Há no excelente longa-metragem alemão Ele está de volta(Er
Ist Wieder Da), que discute o renascimento do nazi-fascismo no
mundo, particularmente na Europa, uma observação terrível. Revivido, Adolf
Hitler passeia, pelas ruas da Alemanha contemporânea,
satisfeito com o fato de que suas ideias nacionalistas, racistas, machistas,
homofóbicas e autoritárias continuam a florescer entre a população, quando
constata: “O povo está calado, mas com raiva. Frustrado com as condições de
vida, como em 1930. Mas na época não havia um termo para isso: analfabetismo
político”.
O analfabetismo político viceja onde falta consciência política – e
consciência política é a relação vital que se estabelece entre mim e meu
próximo. O analfabetismo político é o desinteresse manifestado pelos cidadãos
para o rumo que a classe dirigente empurra a sociedade. Esse
desinteresse se dá por ignorância ou por arrogância ou, pior ainda, por uma
mescla de ignorância com arrogância. Nada pior para um país do que indivíduos
que desdenham da política governados por políticos que desdenham dos indivíduos
– este é o espaço privilegiado para a expansão da mentalidade fascista.
Como não conseguimos resolver nossos problemas enfrentando-os de forma
democrática, optamos por desejar ardentemente um deus ex machina que nos salve e nos conduza. O
legado mais trágico da última ditadura – um episódio de despotismo em meio a
vários outros da nossa infame história política – foi a desmoralização do
conceito de autoridade.
Destituídos os militares, a sociedade, traumatizada pela tirania e pela
arbitrariedade, rejeitou o autoritarismo, mas não conseguiu recuperar a noção
de autoridade. Vivemos assim pendularmente entre a ausência total de autoridade
(o professor na sala de aula, por exemplo) e a hegemonia absoluta do
autoritarismo (a atuação da polícia nas periferias, por
exemplo). Entre um extremo e outro, o vazio do poder.

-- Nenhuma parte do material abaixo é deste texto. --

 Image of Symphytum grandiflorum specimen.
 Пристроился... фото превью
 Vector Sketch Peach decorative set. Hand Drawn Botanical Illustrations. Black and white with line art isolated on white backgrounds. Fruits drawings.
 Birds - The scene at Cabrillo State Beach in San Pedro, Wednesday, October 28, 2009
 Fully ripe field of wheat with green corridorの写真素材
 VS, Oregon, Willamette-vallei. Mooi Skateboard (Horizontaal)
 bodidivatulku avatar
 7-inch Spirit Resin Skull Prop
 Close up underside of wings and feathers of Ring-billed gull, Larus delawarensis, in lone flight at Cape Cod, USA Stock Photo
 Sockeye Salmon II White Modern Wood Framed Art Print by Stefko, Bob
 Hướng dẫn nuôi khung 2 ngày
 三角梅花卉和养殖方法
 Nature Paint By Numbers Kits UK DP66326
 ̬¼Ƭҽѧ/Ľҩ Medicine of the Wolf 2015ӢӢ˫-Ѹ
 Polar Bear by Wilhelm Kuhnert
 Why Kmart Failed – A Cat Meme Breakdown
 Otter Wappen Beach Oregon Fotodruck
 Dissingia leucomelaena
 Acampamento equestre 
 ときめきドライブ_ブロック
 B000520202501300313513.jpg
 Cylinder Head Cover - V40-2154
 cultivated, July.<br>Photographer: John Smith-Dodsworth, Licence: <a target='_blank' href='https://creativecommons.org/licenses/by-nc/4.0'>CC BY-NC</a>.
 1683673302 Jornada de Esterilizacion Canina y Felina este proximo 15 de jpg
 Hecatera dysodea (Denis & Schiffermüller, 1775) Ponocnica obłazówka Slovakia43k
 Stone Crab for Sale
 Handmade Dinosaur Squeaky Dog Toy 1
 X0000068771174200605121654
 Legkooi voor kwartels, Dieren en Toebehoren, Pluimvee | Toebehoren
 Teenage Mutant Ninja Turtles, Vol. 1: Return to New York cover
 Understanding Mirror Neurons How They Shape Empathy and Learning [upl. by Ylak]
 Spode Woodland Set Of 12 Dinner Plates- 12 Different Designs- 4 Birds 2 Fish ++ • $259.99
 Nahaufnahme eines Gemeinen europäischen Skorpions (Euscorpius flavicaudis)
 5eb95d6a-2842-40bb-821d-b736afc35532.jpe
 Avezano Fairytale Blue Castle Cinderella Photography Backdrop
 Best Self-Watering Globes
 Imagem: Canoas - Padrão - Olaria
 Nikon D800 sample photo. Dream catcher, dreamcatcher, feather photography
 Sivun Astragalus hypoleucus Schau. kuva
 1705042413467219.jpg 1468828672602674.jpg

A omissão do Estado no desempenho de suas atribuições mais básicas,
proporcionar aos cidadãos sistemas de saúde, educação, transporte e segurança
para que ele sobreviva dignamente, leva ao desencanto em relação ao exercício
da política. Aliados à incompetência, a corrupção e o cinismo nos afastam mais
e mais do sentimento de pertencermos a uma mesma comunidade e de partilharmos
interesses comuns. Pouco a pouco, instala-se o ressentimento e a intransigência:
“o povo está calado, mas com raiva”, como adverte o Adolf Hitler do filme Ele está de volta.
Uma população frustrada busca inimigos para extravasar sua cólera. E o
inimigo é sempre o diferente de nós: os homossexuais, os negros, os imigrantes,
osesquerdistas, enfim, qualquer grupo que em um
determinado momento e contexto nos pareça fragilizado o suficiente para levar a
culpa pela nossa incapacidade de gerir os próprios desejos. Assim, em silêncio
e irrefletidamente, abraçamos discursos demagógicos, incitadores do ódio e da
intolerância. A violência que grassa no país – nas ruas, dentro das casas, nas
redes sociais – é apenas a face visível deste monstro subterrâneo chamado
fascismo, fenômeno que se alimenta de analfabetos políticos.
Luiz Ruffato é
escritor e jornalista. Escreve semanalmente no EL PAÍS.